- **WHAT IS NEEDED**:
Would you please repeat, word for word, only the lines from the one holding "An aerial view" through the one holding "Cowboy Claus - Canvas" in the material below, without the pictures?

- **RECORDS FOR THE TASK**:
────
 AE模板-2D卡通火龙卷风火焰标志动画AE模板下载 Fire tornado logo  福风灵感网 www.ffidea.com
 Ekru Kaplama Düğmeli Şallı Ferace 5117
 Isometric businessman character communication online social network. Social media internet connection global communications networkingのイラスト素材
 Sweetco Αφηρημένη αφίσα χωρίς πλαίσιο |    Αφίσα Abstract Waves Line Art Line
────
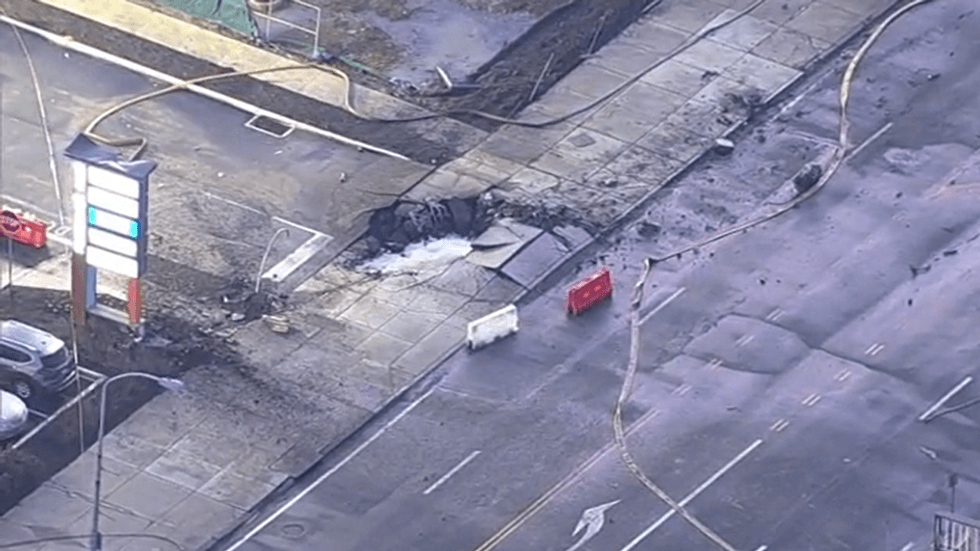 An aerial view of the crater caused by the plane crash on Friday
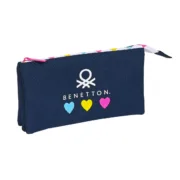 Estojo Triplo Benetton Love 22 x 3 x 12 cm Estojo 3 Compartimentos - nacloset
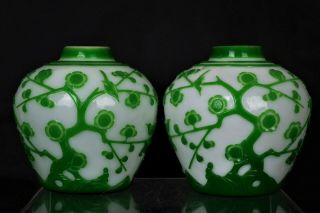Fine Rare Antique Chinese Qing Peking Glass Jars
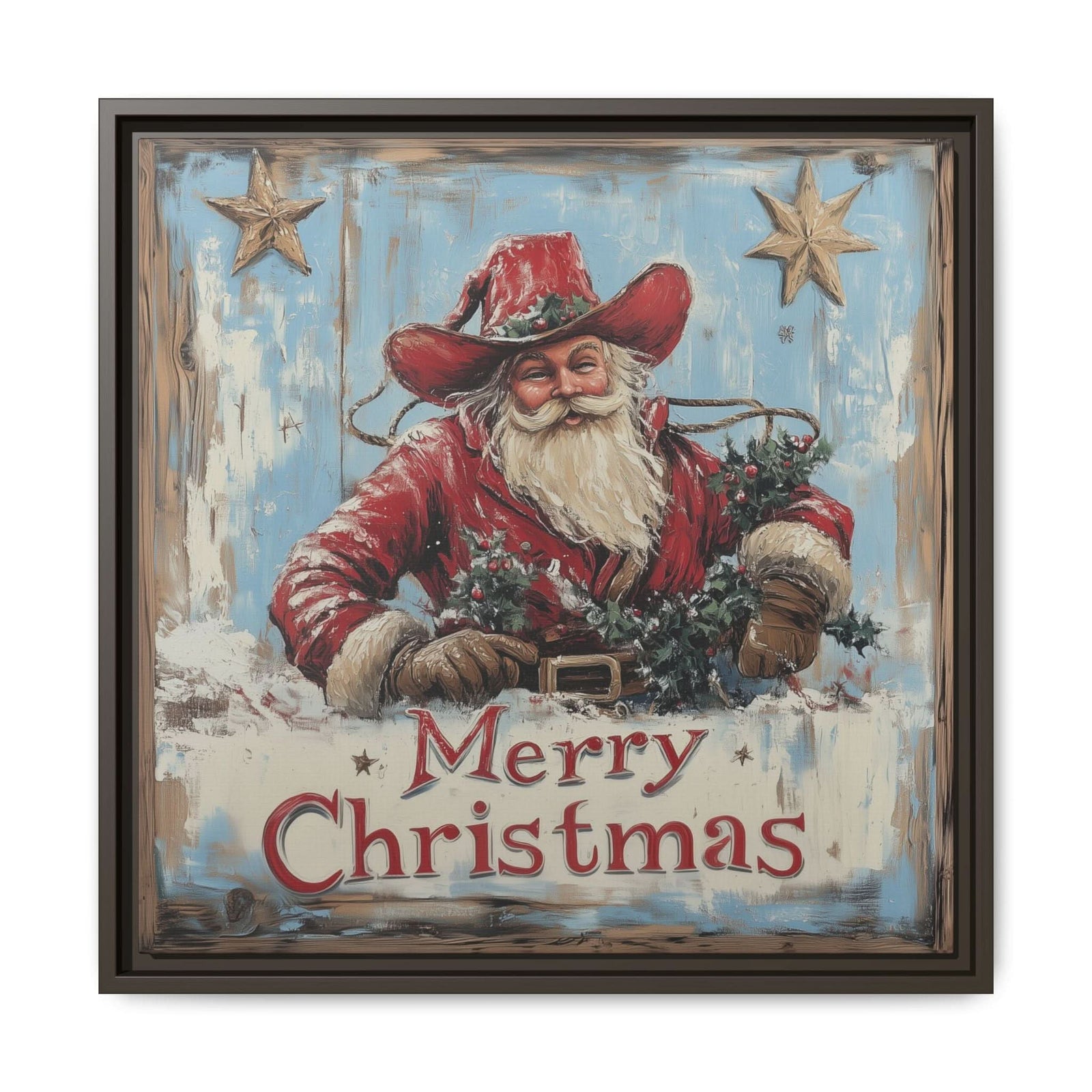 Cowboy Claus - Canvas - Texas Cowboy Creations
────
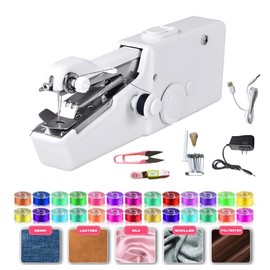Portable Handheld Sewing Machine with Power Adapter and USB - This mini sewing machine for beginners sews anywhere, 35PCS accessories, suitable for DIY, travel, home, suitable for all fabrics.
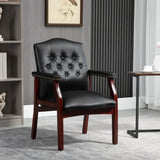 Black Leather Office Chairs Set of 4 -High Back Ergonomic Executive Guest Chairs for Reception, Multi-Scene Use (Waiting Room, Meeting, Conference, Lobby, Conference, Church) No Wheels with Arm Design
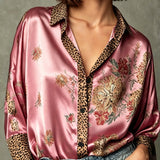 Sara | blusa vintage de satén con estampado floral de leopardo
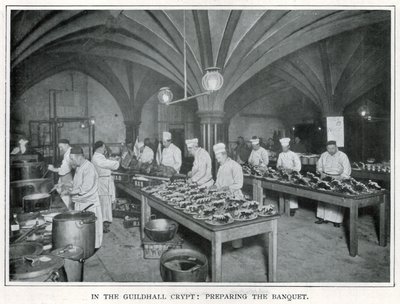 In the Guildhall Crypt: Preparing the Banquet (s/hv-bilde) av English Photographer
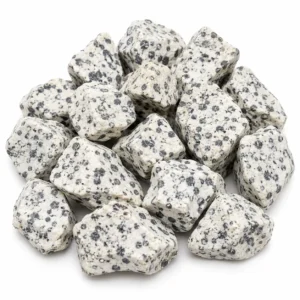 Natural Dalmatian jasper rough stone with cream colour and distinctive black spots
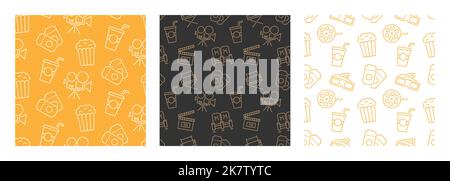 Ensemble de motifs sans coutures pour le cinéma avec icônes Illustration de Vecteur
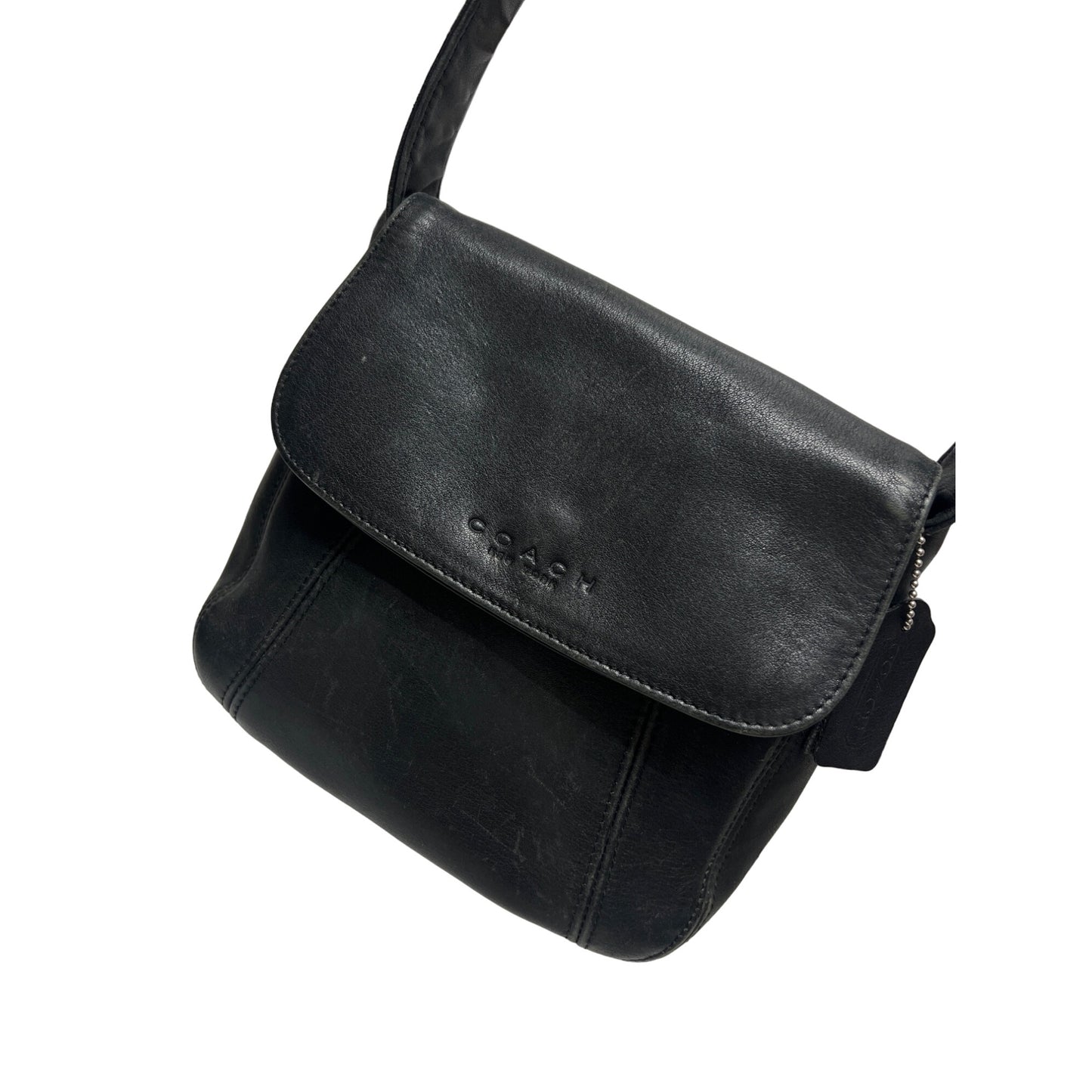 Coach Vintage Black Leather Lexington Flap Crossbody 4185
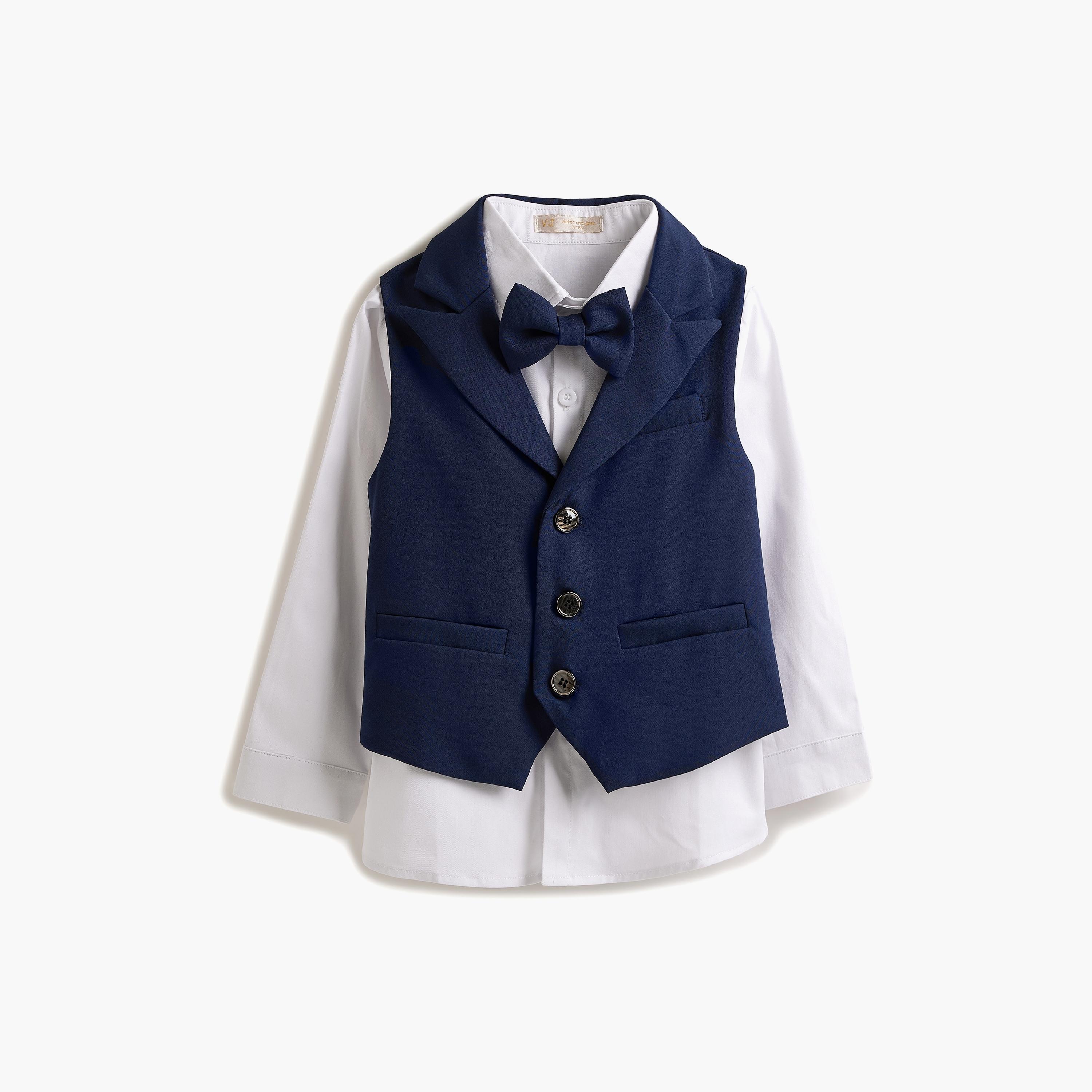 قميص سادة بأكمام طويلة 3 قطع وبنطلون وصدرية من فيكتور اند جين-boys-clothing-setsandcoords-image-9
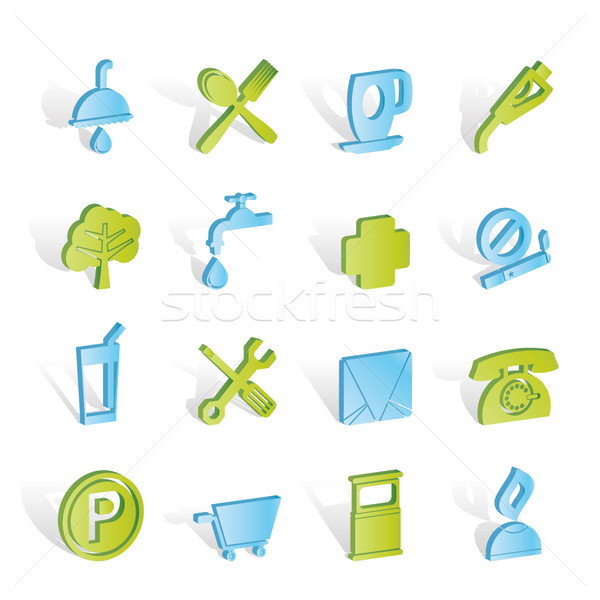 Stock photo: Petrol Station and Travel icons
────
- **RESULT**:
 An aerial view of the crater caused by the plane crash on Friday
 Estojo Triplo Benetton Love 22 x 3 x 12 cm Estojo 3 Compartimentos - nacloset
Fine Rare Antique Chinese Qing Peking Glass Jars
 Cowboy Claus - Canvas - Texas Cowboy Creations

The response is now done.